An audit of two state programs -- including one designed to attract foreign investors through a federal visa incentive -- found poor contracting and accounting practices and inflated expenses.
A new audit of two state programs -- including one designed to attract foreign investors through a federal visa incentive -- found poor contracting and accounting practices and inflated expenses.
The audit released late Wednesday of two programs formerly operated by the Michigan State Housing Development Authority – the Michigan Community Development Corp. and the Michigan Mezzanine Investment Fund – found a lack of competitive bidding, inflated charges, and invoices that were paid twice.
The MSHDA board asked for the audit of the programs after the resignation last year of former MSHDA executive director Scott Woosley, who stepped down last summer amid a public outcry over his expense claims for meals and travel.
"We appreciate the ... internal review of procurement practices for these entities and agree with the observations and recommendations," MSHDA Director Kevin Elsenheimer said. "We will take the necessary steps to implement changes moving forward."
In its written response to the audit, MSHDA said it "will follow up on payment discrepancies and seek reimbursement from the respective vendors."
The eight-page report by Jeffrey Bankowski, the state's chief internal auditor, is short on details and doesn't identify contractors or MSHDA officials by name.

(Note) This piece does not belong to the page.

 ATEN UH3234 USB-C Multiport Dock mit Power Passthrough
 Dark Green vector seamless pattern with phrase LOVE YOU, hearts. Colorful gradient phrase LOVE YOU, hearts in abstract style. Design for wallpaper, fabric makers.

The Michigan Community Development Corp. helped foreign investors receive federal EB-5 visas if they were prepared to invest between $500,000 and $1 million and create at least 10 full-time jobs in Michigan. Woosley served as the corporation's president and CEO, but the MSHDA board dissolved the corporation in March and its responsibilities were shifted to the Michigan Economic Development Corp.

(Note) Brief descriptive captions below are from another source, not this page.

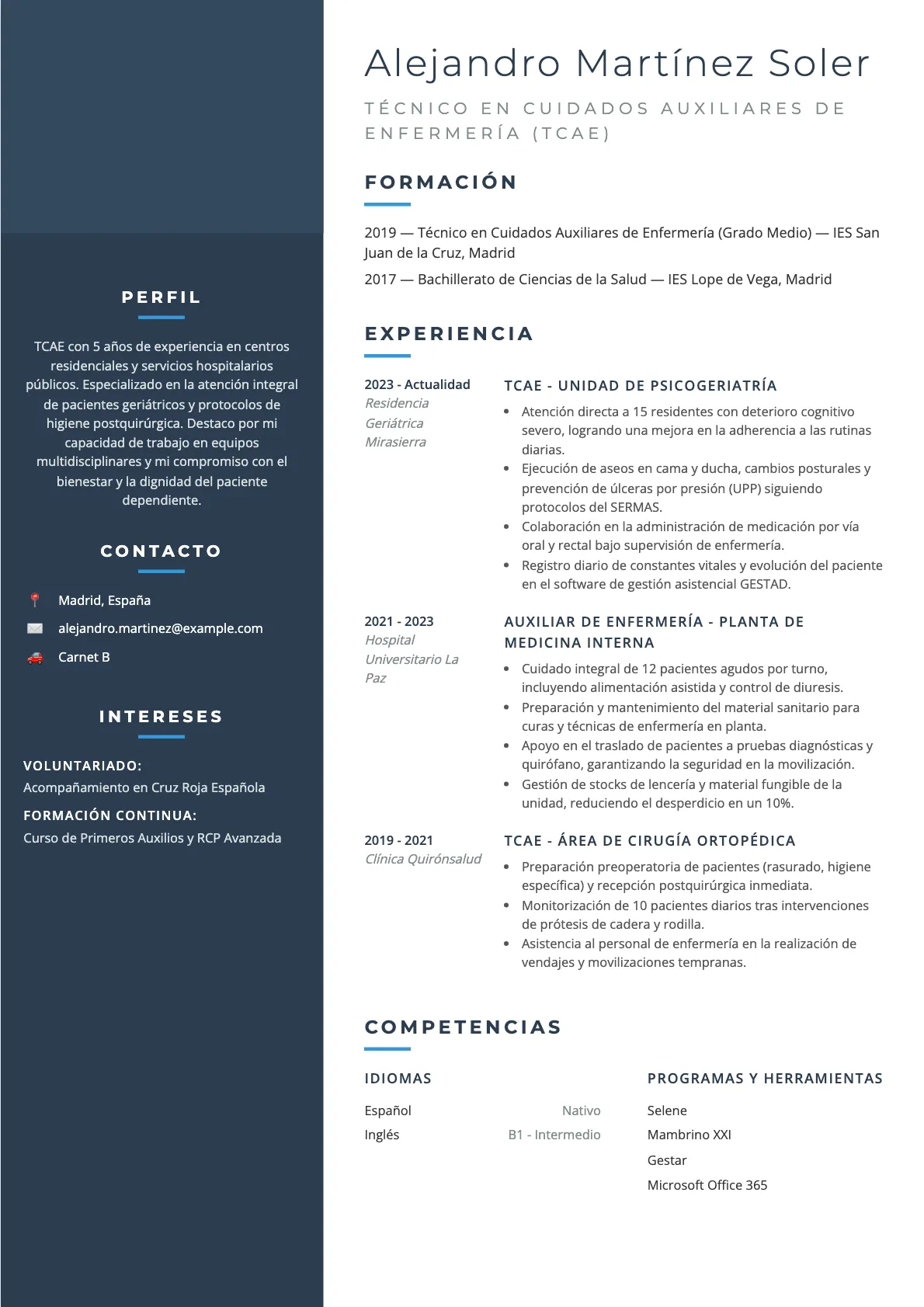 Ejemplo de CV de Auxiliar de Enfermería (TCAE) 2026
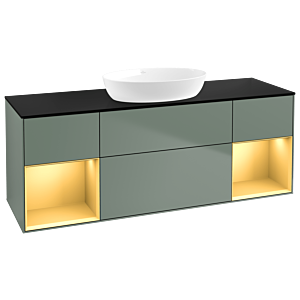 Villeroy und Boch Finion Waschtischunterschrank GD02HFGM 120cm, Abdeckplatte black matt, Emotion, Regale Gold matt lacquer, Olive Matt Lacquer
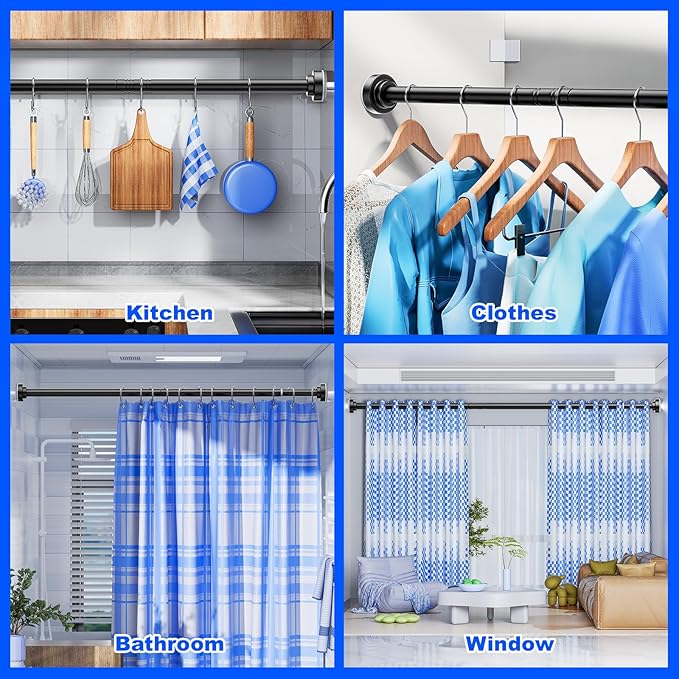Ausemku Shower Curtain Rod - 32-92 Inch Rustproof Tension Rod, Non-Slip Spring Design, No Drilling Adjustable Curtain Rod for Bathroom, Kitchen, and Closet(Black)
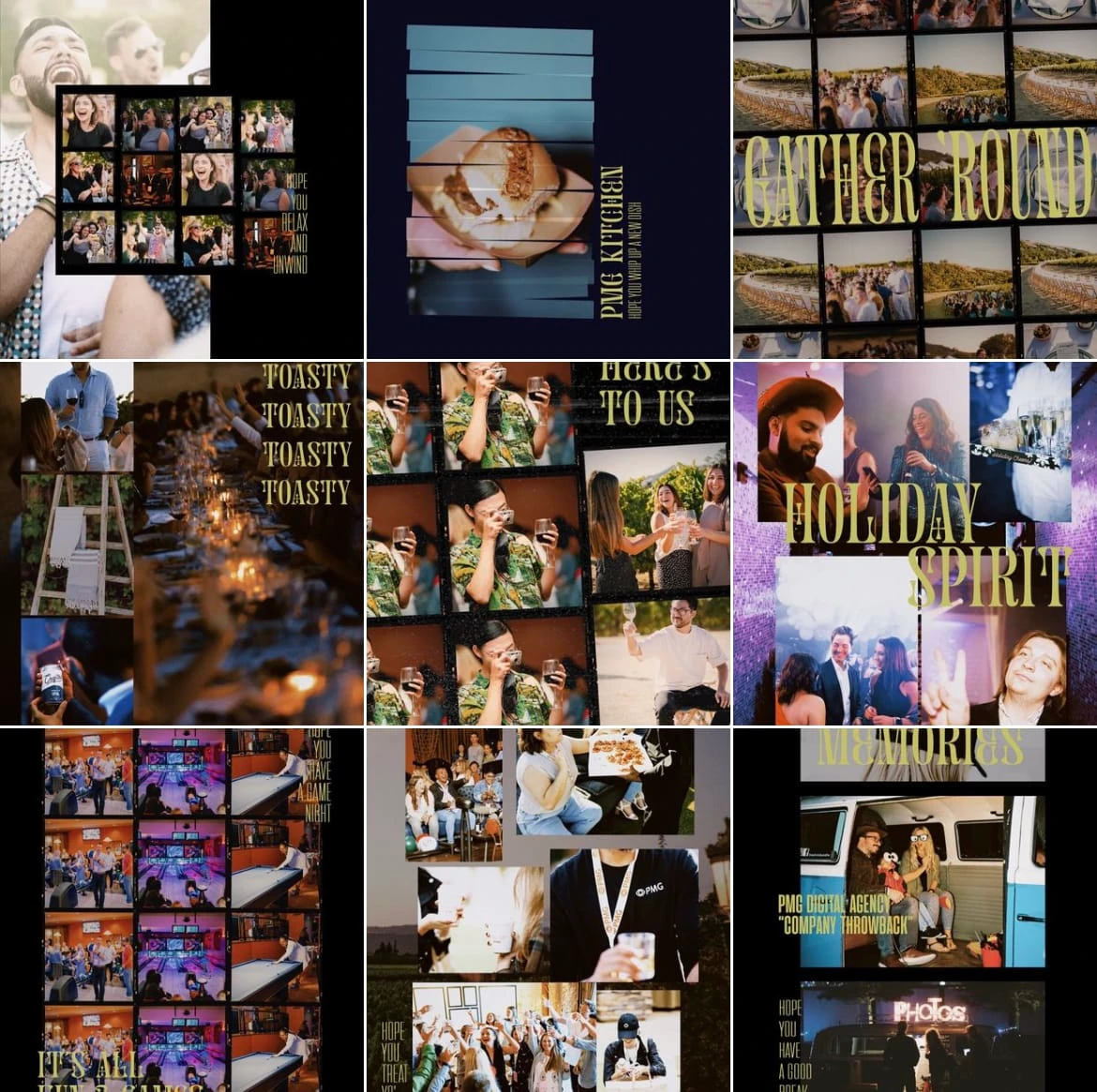 Set of Instagram posts to coincide with the company's 10 year anniversary celebrations. Each day represented a new theme and was paired with a gift for everyone at the company. For example, day 5 was "keep toasty" and was paired with a company branded blanket. I aimed for a film and scrapbook theme for all of the posts under one unified design to replicate the thought of collecting memories together. 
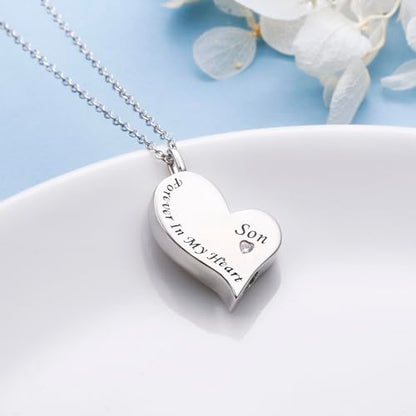 Ladytree 925 Sterling Silver Cremation Urn Necklace for Ashes - style: Son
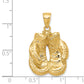 14k Solid Polished Open-Backed Boxing Gloves Pendant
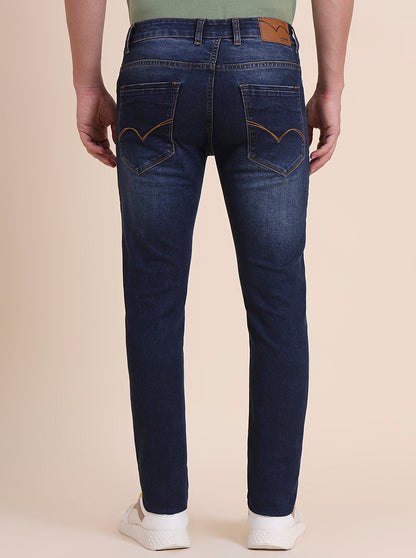 Dark Indigo Blue Washed Narrow Fit Jeans | JadeBlue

The Michigan Mezzanine Investment Fund, a MSHDA program which is no longer active, was intended to attract outside capital to provide loans of between $2.5 million and $15 million, mainly for commercial mixed-use and multi-family residential developments.
Both programs began in 2014. The auditor found that MCDC spent a total of $1.26 million through February 2015, with $610,477 of that spent on contracts. The MMIF spent $245,750, with $209,242 spent on contracts.

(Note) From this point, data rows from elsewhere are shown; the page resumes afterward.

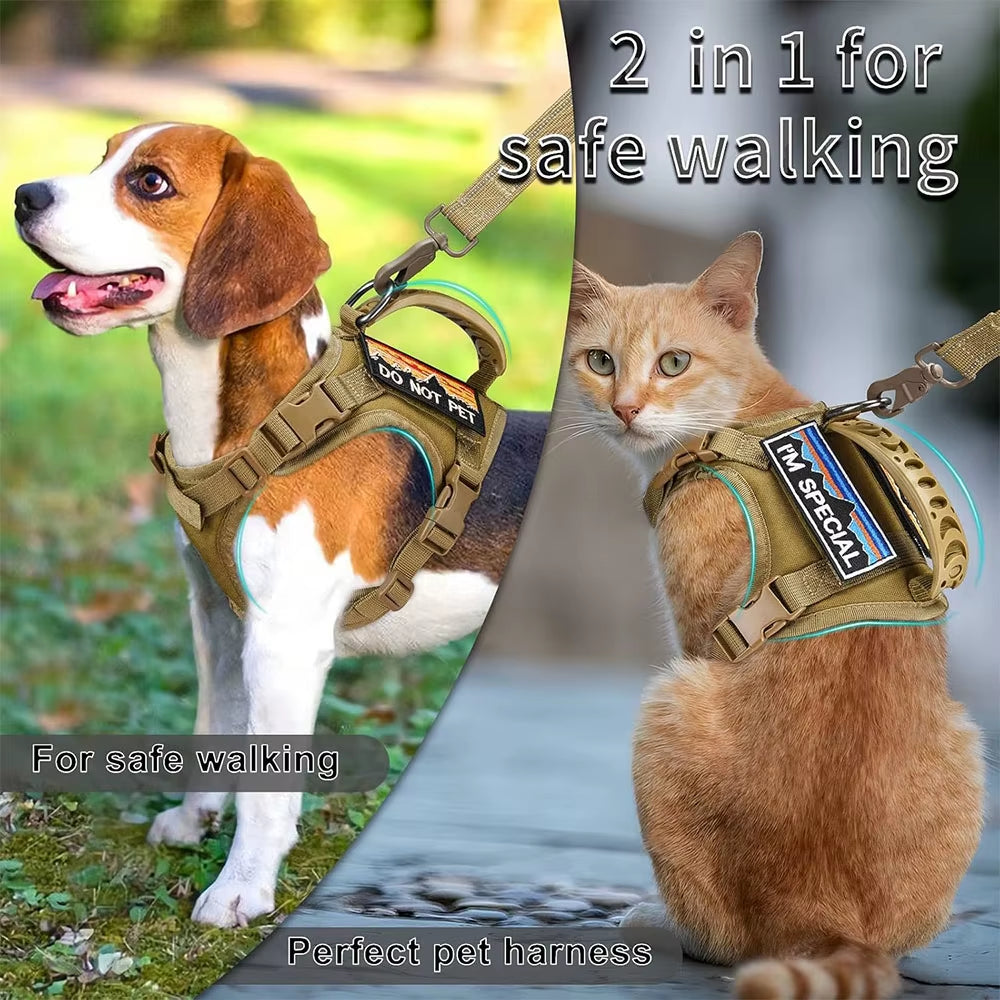 Tactical Cat Dog Harness Leash for Working Adjustable Pet Vest Harness Soft Mesh Training Puppy Straps with Handle for Large Cat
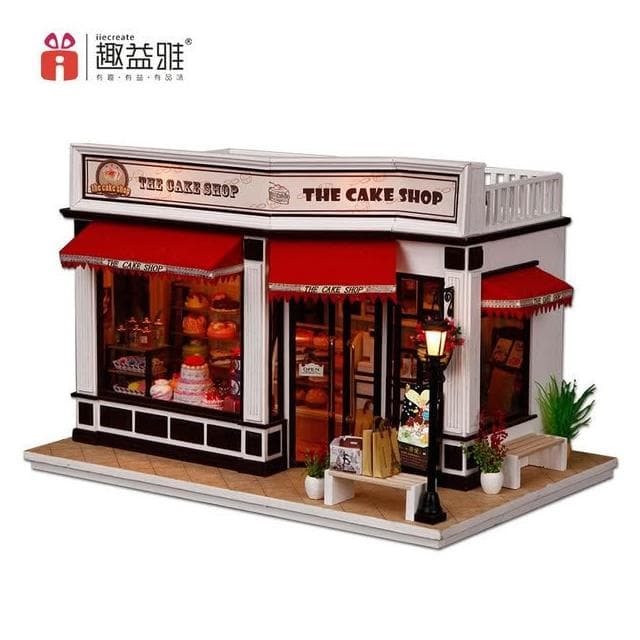 大旺小舖:DIY小屋袖珍屋娃娃屋材料包巴黎貝甜 又要開蛋糕店喔 生日情人節禮物 台北車站出貨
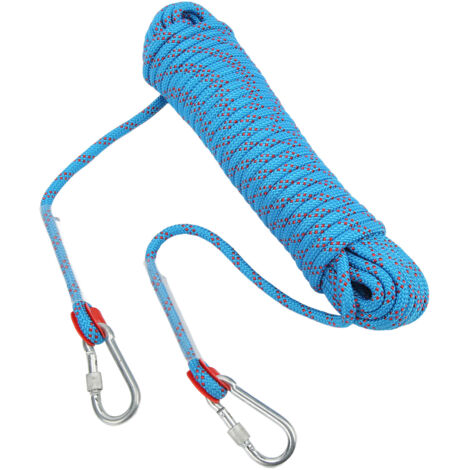 Corde d'escalade 8mm pour alpinisme et travaux arboricoles, 20 mètres, résistante pour randonnée et aventures, couleur bleue.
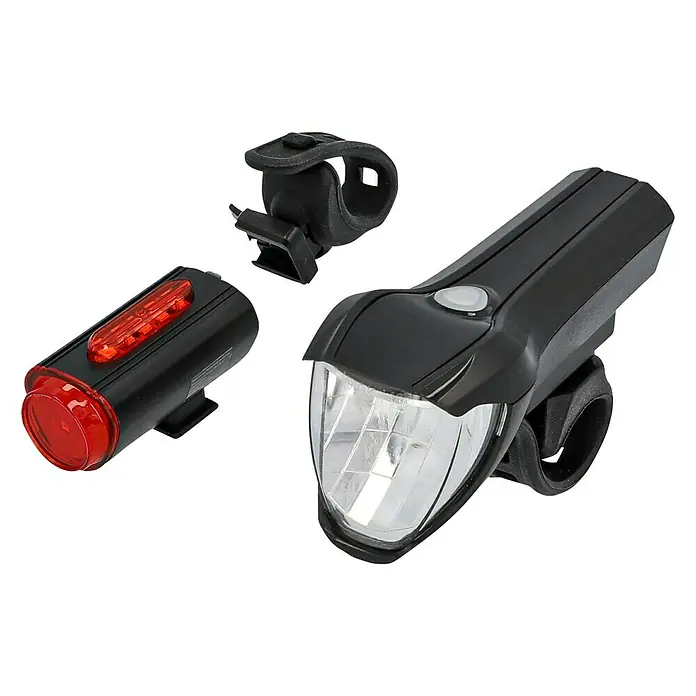 Fischer LED-Akkuleuchten-Set Twin - 5 -tlg., Beleuchtungsstärke: 50 lx, Leuchtdauer: 4 h, Spritzwassergeschützt - Fahrradbeleuchtungsset mit Vorder- und Rücklicht für erhöhte Sicherheit und Sichtbarkeit im Straßenverkehr.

Combined, the two programs awarded seven contracts, none of which were competitively bid, the auditor said. Three were sole-sourced and four others were either tacked onto existing MSHDA contracts or awarded as part of a bidding process on another MSHDA contract. This did not comply with MSHDA contract procedures, the auditor said.
For four of the contracts, payments were issued for services before the contracts were executed, the auditor found.
In one contract, payments were made a year before the contract was executed and that contract included $18,500 in inappropriate payments, including "first-class or upgraded airline flights, insufficient documentation, currency exchange or currency not converted, and expenses that were either not necessary to state business or excessive," the report said.
Elsenheimer identified that contractor as Cedar Bey International Group, which had a $54,214 consulting contract. The registered agent for Cedar Bey is Dearborn-area businessman Moose Scheib, who could not immediately be reached for comment.
The auditor also found that MCDC and MMIF each paid an invoice twice, apparently without knowing it.
In another case, a business analyst billed for $250 an hour and was paid for it, although the contract called for payments of $140 an hour and did not provide for payments to a business analyst.
Contracts included in the audit included: a $37,408 public relations contract with Airfoil Public Relations, a $364,223 legal contract with Dickinson Wright, a $21,138 contract for tech support with Force by Design/Salesforce.com, a $5,625 immigration law contract with Miller Mayer, a $229,611 media and advertising services contract with Pace & Partners and a $108,500 immigration-related contract with Wright Johnson.